1st November 2013:

Oxford Archaeology celebrated its 40th anniversary on 30th October with a reception, presentations, and a chance for friends, colleagues and guests to catch up and share memories of forty years of archaeological success.

The afternoon began with a reception and buffet. While guests chatted over a glass of wine and plate (or two) of food, they were able to look through a very impressive display of some 180 reports, monographs and booklets that OA has published since 1973 (and get a sneak preview of a few forthcoming titles). Panels of exhibition posters also lined the hall, reminding people not only of some of the remarkable sites and projects OA has been involved with, but also of one of our central, and original, aims – to promote archaeological research and to disseminate it widely through publication and teaching for the benefit of the public.

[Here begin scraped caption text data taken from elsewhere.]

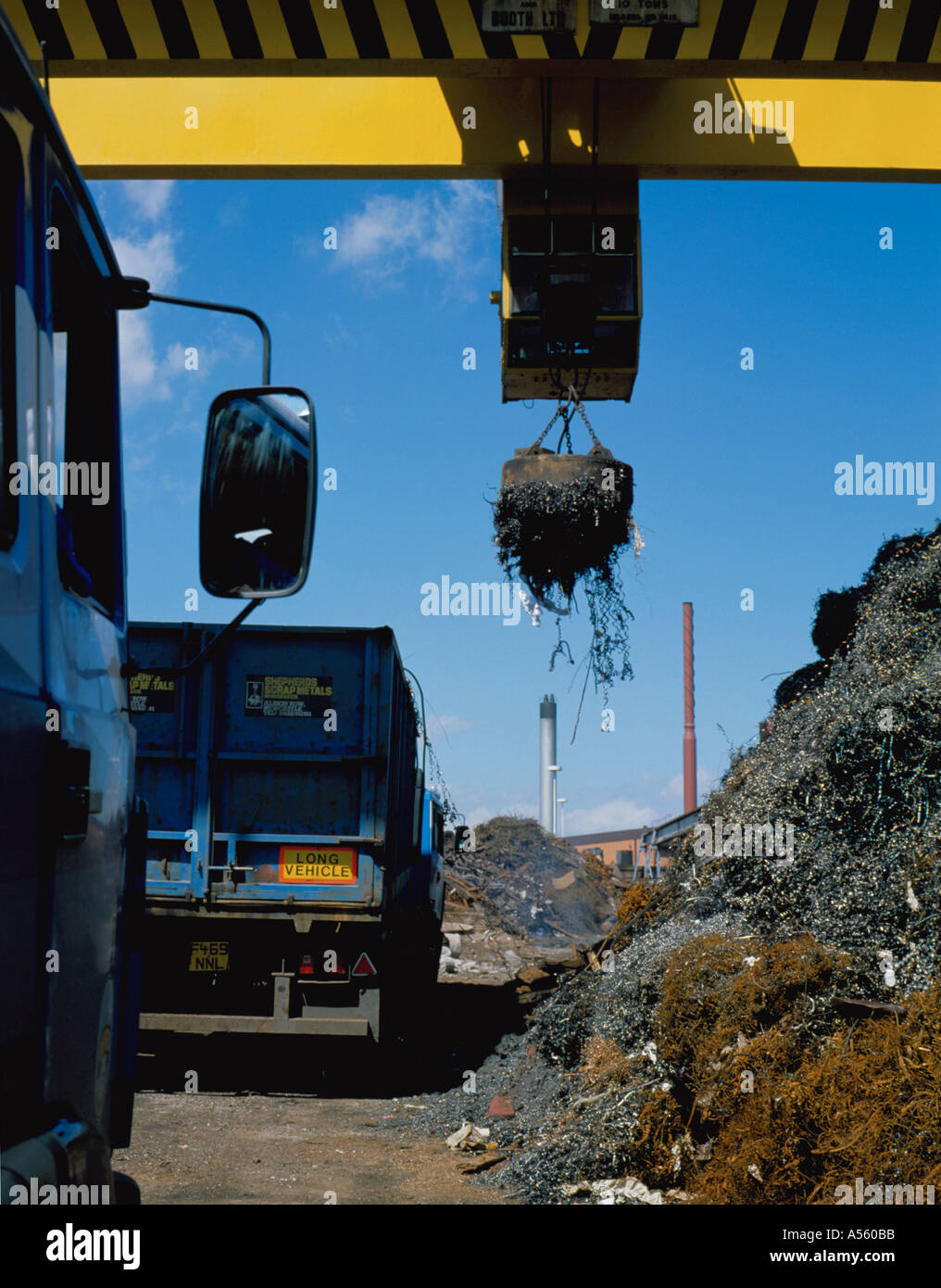 Elettromagnete in uso in un metallo di scarto cantiere; Shepherd's Yard, Byker, Newcastle upon Tyne, Tyne and Wear, Inghilterra, Regno Unito. Foto Stock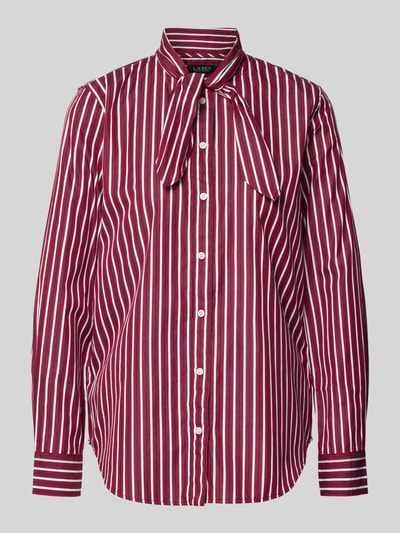Vrouwenmodel draagt overhemdblouse met knoopsluiting, rood-wit gestreept, puur katoen, los model, strikdetail, Model 'NUSILA' van Lauren Ralph Lauren, Ganzkörperansicht van voren.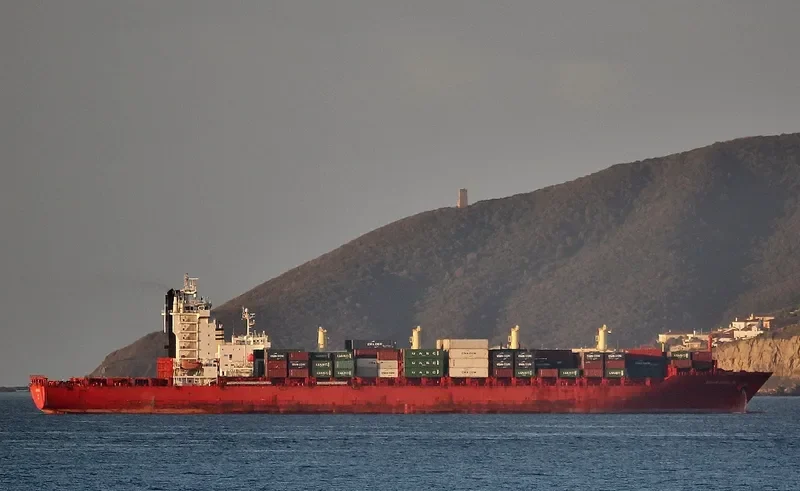 BOMAR RESOLUTE Container Ship IMO 9408774 photo 10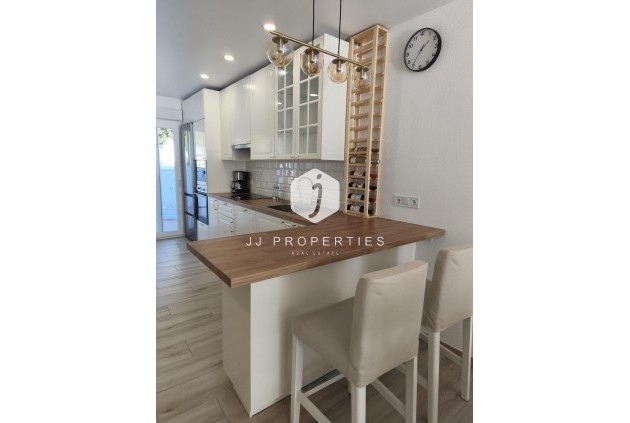 Z drugiej ręki - Szalet -
Torrevieja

The reception was followed by a series of presentations. CEO Gill Hey introduced the chair of the Trustees, Professor Chris Gosden, who reflected on importance of the occasion, and introduced the first of the three former directors due to speak.

Tom Hassall, who led the Oxfordshire Archaeological Unit (later the Oxford Archaeological Unit) from 1973 to 1985, spoke about the background to the formation of the Unit, the dedication of its staff, and its significant successes, such as the pioneering of archaeological methods (especially in environmental archaeology) and its publication record. David Miles, who was director from 1988 to 1999, talked about the Unit’s expansion across Britain and abroad (with projects in Greece, Turkey and the Caribbean, for example), how the Unit met - and indeed welcomed - the challenges of a new competitive regime in the late 1980s that heralded PPG16 and its successors, and some of the key projects undertaken as a result. David Jennings, who was Oxford Archaeology’s CEO from 1999 to 2013, spoke about welcoming OA North and OA East into the organisation, the experience of working in France, and what he considered his greatest achievement – successfully steering OA through the worst recession for decades.

Gill Hey then spoke about OA today, and introduced Julian Munby, who, in his own inimitable style, gave a very entertaining talk on the highlights of OA’s work over the past 40 years. This was followed by Gill’s optimistic assessment of OA’s future, and after Chris Gosden’s closing remarks, it was time for tea and a piece of birthday cake.

This was an enjoyable and inspiring afternoon, which not only looked back to past achievements, but forward to exciting challenges and further successes.